Two-dimensional high-performance steep transistors using Dirac-source carrier injection and high-mobility monochalcogenides
Next-generation quantum technologies demand for novel nanoelectronic devices that can operate at faster switching speed and with less energy consumption. Currently, silicon-based metal-oxide-semiconductor field-effect transistors, driven by thermionic emission, require at least 60 mV of gate voltage to increase the current by one order of magnitude at room temperature. Steep slope transistors such as tunneling transistors and ferroelectric negative capacitance transistors are capable of switching faster than the limit of 60 mV/decade, but they suffer their own challenges and issues for practical applications. To address these challenges, the proposed research focuses on investigation of a novel steep-slope device concept, known as the Dirac-source transistor, which is composed of two-dimensional graphene and emerging high-mobility monochalcogenides. Specifically, (i) fundamental understanding of a graphene-based Dirac-source carrier injection mechanism, (ii) investigation of synthesis technology and electronic properties of the monochalcogenides as the channel materials, and (iii) demonstration of a steep-slope Dirac-source transistors. The proposed solution governed by quantum mechanics on the nanometer scale is foreseen as a promising technique for extending Moore?s Law well into the quantum era. This project proposes events and involves entities across the university and local communities through close integration of research, education, and outreach programs with the focus on quantum nanomaterials and nanoelectronics.

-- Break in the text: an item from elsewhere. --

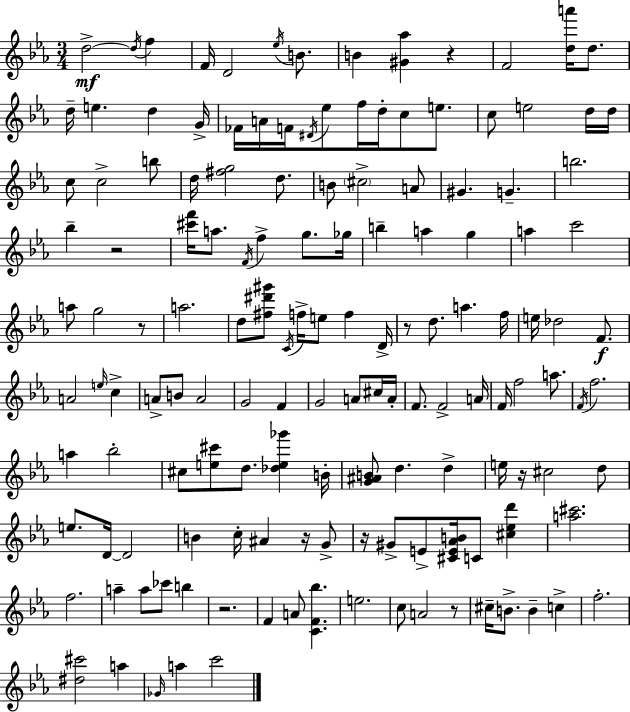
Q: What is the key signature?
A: C minor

The proposed fundamental and multidisciplinary project will not only represent the state-of-the-art technology in the 2D material research field, but also provide an excellent training initiative for educating both undergraduate and graduate students, and for outreaching to K-12, women, and underrepresented minority students in STEM disciplines to fulfill the nation?s workforce needs.
As the miniaturization of complementary metal-oxide-semiconductor (CMOS) approaches its physical limitation, new technologies are critically needed to extend the performance of electronic systems in terms of power, speed, and density, etc. The proposed Dirac-source steep transistor is considered as a novel device concept, which is capable of working at a supply voltage less than 0.5 V and switching faster than the limit of 60 mV/decade. Such excellent performance is attributed to a synergetic combination of two-dimensional graphene and semiconducting monochalcogenides through the unique Dirac-source carrier injection mechanism in their van der Waals heterostructure. The research approach combines both theoretical simulation and experimental demonstration to pursue the final deliverables: (i) a fundamental understanding of the Dirac-source carrier injection mechanism; (ii) a high-resolution database and engineering principle of the emerging 2D semiconducting monochalcogenides; and (iii) a prototypical demonstration of the logic devices with steep subthreshold slope and low energy consumption. The intellectual significance of the proposed research includes providing innovative solution (Dirac-source carrier injection) to address the need of energy-efficient electronic devices, exploring the untapped potential of emerging two-dimensional semiconducting channel materials (monochalcogenides) based on their unique structure and properties, and representing a major breakthrough in quantum science and technology for extending Moore?s law well into the quantum era.
This award reflects NSF's statutory mission and has been deemed worthy of support through evaluation using the Foundation's intellectual merit and broader impacts review criteria.